— Records for this task —
---

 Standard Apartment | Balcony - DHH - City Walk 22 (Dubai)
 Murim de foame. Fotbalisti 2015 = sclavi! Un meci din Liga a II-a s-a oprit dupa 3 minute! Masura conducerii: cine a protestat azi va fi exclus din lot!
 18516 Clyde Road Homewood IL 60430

---

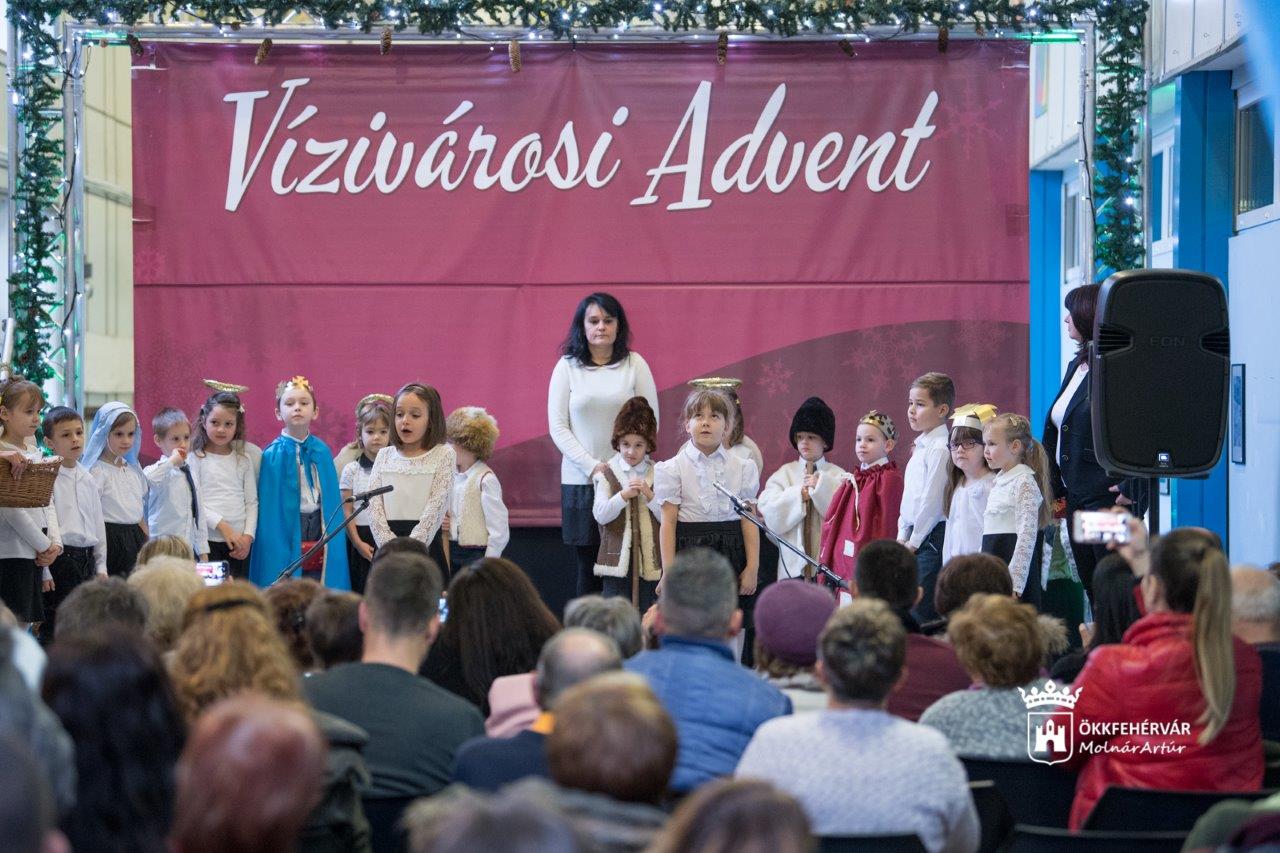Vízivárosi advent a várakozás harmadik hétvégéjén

---

— Task —
Using the material above, transcribe exactly the lines from the line with "Murim de foame." to the line with "18516 Clyde Road Homewood IL 60430"; both count, and nothing else goes in.

— Output of the exercise —
 Murim de foame. Fotbalisti 2015 = sclavi! Un meci din Liga a II-a s-a oprit dupa 3 minute! Masura conducerii: cine a protestat azi va fi exclus din lot!
 18516 Clyde Road Homewood IL 60430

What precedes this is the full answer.